8 most controversial developments in the Clarence Valley

The Clarence Valley has been home to several major developments this year, with some given the green light, while others fiercely opposed by community members.

In no particular order, here are eight contentious developments that have shaped the Clarence Valley in 2020:

 

Round and round Yamba goes...

Mini roundabout option for Yamba Rd and Treelands Drive.
Mini roundabout option for Yamba Rd and Treelands Drive.

Yamba's intersection woes have been a long, contentious issue for residents. After much back and forth on the method of traffic management and fierce opposition from locals regarding the proposed installation of traffic lights, Clarence Valley Council finally settled on mini roundabouts at the Treelands Drive and Carrs Drive intersections.

However, inevitable construction detours and extreme weather conditions gave some residents further fuel to complain about the development.

 

Pacific Hotel leaves councillors on the edge

Has the Pacific Hotel redevelopment set a precedent for Yamba? That was one of the many issues raised when Clarence Valley Council was tasked to either approve or oppose the development.

The eastern elevation showing the works proposed for the Pacific Hotel at Yamba.
The eastern elevation showing the works proposed for the Pacific Hotel at Yamba.

In early February, the development proposal, which included a function area on the lower level of the current hotel as well as a deck extending over the function area, was brought to the attention of council.

A month later, and numerous debates over height limits, building safety, parking and damage to neighbouring properties, the motion was passed.

 

Where's the funding?

In July this year a large banner was unveiled in Prince Street demanding action on the $263 million Grafton Base Hospital upgrade.

It served as a reminder to residents and visitors of the promises made by politicians in office at the last NSW election.

A week later, the Grafton Chamber of Commerce received letters from NSW Member for Clarence Chris Gulaptis, NSW Minister for Health Brad Hazzard, and the NSW Premier herself, Gladys Berejiklian, advising of a commitment to keep this election promise.

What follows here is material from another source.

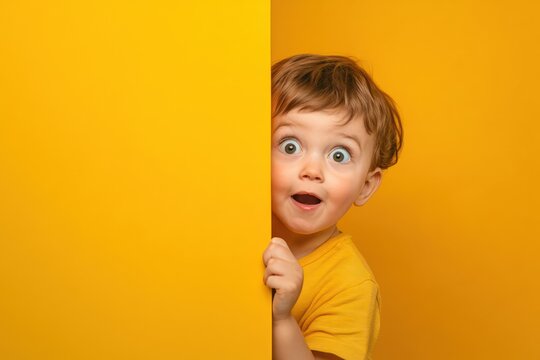 Naklejki Surprised Child Peeking Around Corner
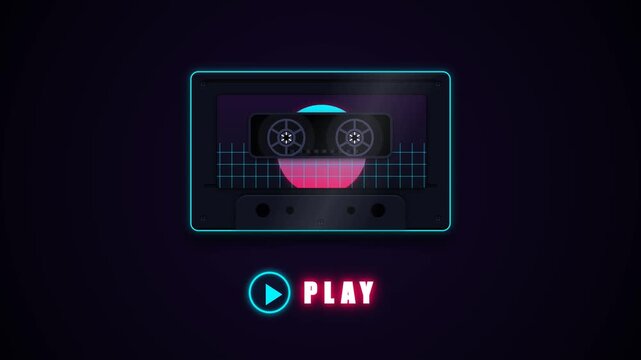 A vibrant eighties synthwave tape deck glowing with neon lights sits above a play button indicator that signals an nostalgic journey back through classic musical experiences from the decade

The Grafton Base Hospital Community Committee has erected a large banner in Prince St demanding action on Grafton Base Hospital upgrade.
The Grafton Base Hospital Community Committee has erected a large banner in Prince St demanding action on Grafton Base Hospital upgrade.

 

Gulmarrad's bold new precinct

Despite being identified as an urban growth area for more than a decade according to several government future planning documents, for some residents, a planning proposal for a shopping precinct in Gulmarrard came as a nasty surprise.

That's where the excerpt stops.